Mais le sursis devrait être provisoire: ce panel d'économistes table en moyenne sur une croissance chinoise de 7,3% pour l'ensemble de l'année --ce serait la plus faible enregistrée depuis près d'un quart de siècle.

Ce niveau serait par ailleurs très en deçà de l'objectif officiel de 7,5% que s'est fixé Pékin pour 2014 --alors que le premier ministre Li Keqiang a rappelé en juin que c'était «la responsabilité indéniable» des gouvernements locaux de tout faire pour l'atteindre.

«Nuage noir de l'immobilier»

Certes, les dynamiques positives devraient se poursuivre: la reprise de l'économie mondiale «devrait soutenir les exportations chinoises», tout comme le récent fléchissement du yuan, a estimé Haibin Zhu, économiste de JPMorgan.

Et «les infrastructures --des chemins de fer au logements à prix modérés, en passant par les énergies propres-- recevront probablement de nouveaux coups de pouce des autorités», a-t-il poursuivi, tout en se demandant si ces facteurs pourront «compenser la pression négative du secteur immobilier».

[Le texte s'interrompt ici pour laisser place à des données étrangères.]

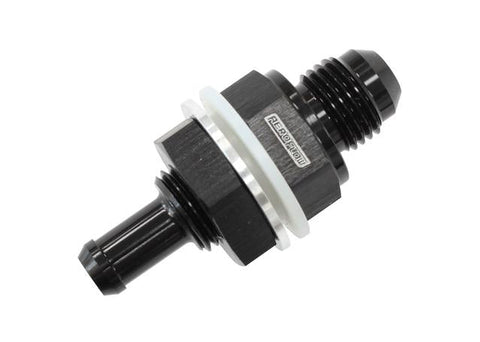 Aeroflow -8AN Bulkhead Fitting W/ 1/2 Barb Black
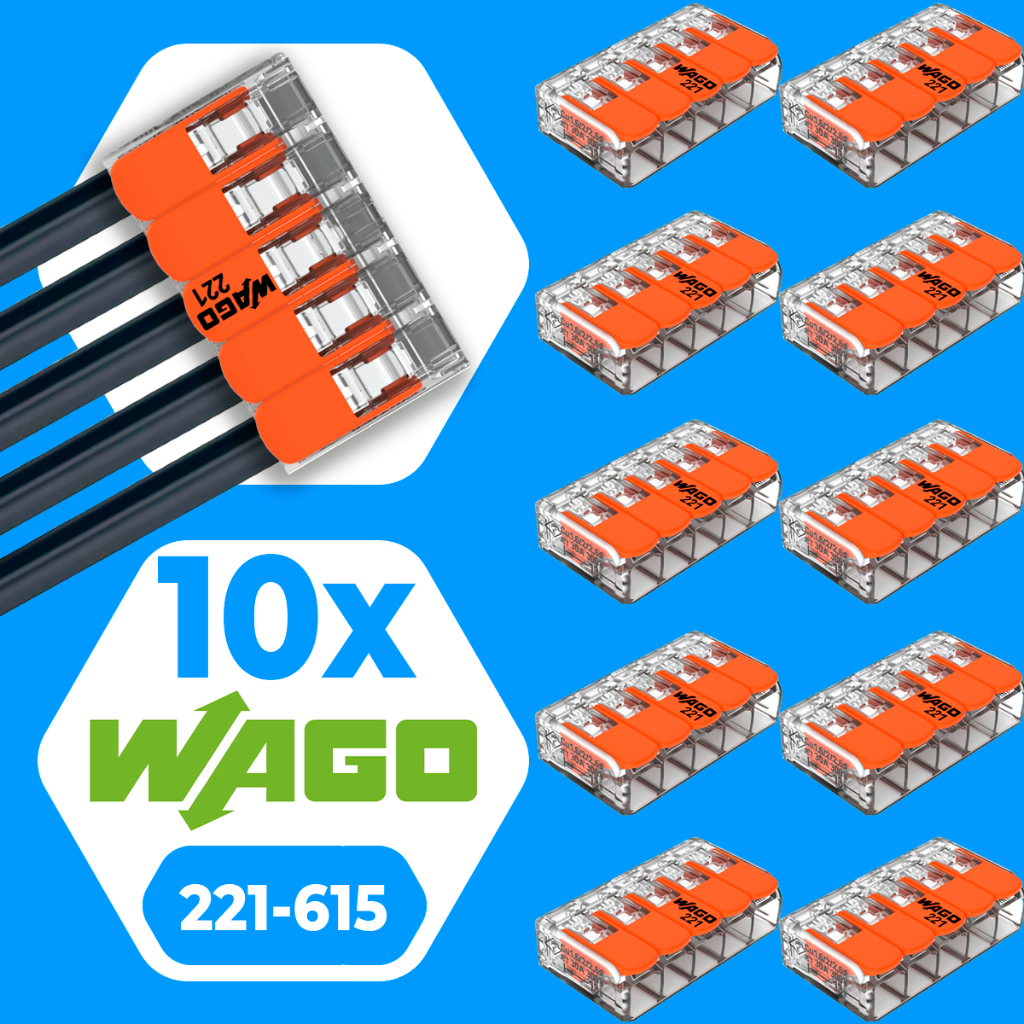 Conector de Fio Elétrico Wago 221-615 Conector Wago Emenda 6mm 41A Conexão Automática Kit 10 Peças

Après des années d'envolées, les prix des logements connaissent un net refroidissement: ils ont reculé en juin pour le deuxième mois consécutif, et les stocks d'appartements invendus ne cessent de gonfler.

«La tendance s'aggrave, et le coup de froid sur l'immobilier risque de se prolonger, en l'absence de nouveau boom du crédit» en faveur du secteur, a relevé Yao Wei, analyste de Société Générale, notant un maintien du volume du crédit.

Alors que l'immobilier représente selon certaines estimations quelque 30% du PIB chinois (de façon directe et indirecte), «ce nuage noir devrait assombrir l'économie pendant encore un bon moment», a-t-elle averti.

Conscientes de la menace, plusieurs municipalités ont commencé à lever certaines restrictions sur les ventes de logements.

«Assouplissements ciblés»

Nombre d'économistes estiment que Pékin sera forcé d'adopter de nouvelles mesures de soutien à l'activité dans les prochains mois, même s'ils diffèrent sur l'ampleur de ces mesures.

Après plusieurs abaissements ciblés des niveaux de réserves obligatoires des banques, «la poursuite d'assouplissements ciblés (de la politique monétaire) sera inévitable» pour conforter les mini-mesures de stimulus, a insisté Liu Ligang, de la banque ANZ.

Pour autant, soucieuses d'éviter toute expansion incontrôlée du crédit, les autorités ont exclu tout nouveau plan de relance massif.

«Les mini-mesures adoptées jusqu'à présent montrent la réticence du gouvernement de recourir aux bonnes vieilles méthodes» consistant à arroser l'économie de crédit bon marché --ce qui avait alimenté une explosion des dettes publiques et privées--, a expliqué à l'AFP Shen Mingao, expert de Citigroup.

Li Keqiang et le président Xi Jinping affichent d'ailleurs toujours leur ambition de «rééquilibrer» le modèle de croissance du pays, quitte à voir cette dernière se modérer.

Leur idée est de muscler la demande intérieure et de favoriser une meilleure allocation des investissements --au détriment de pans d'activités coûteux et peu rentables.

«Les dirigeants chinois ont une opportunité de conduire l'économie en terrain sûr, mais le chemin restera semé d'embûches», résume Mme Yao.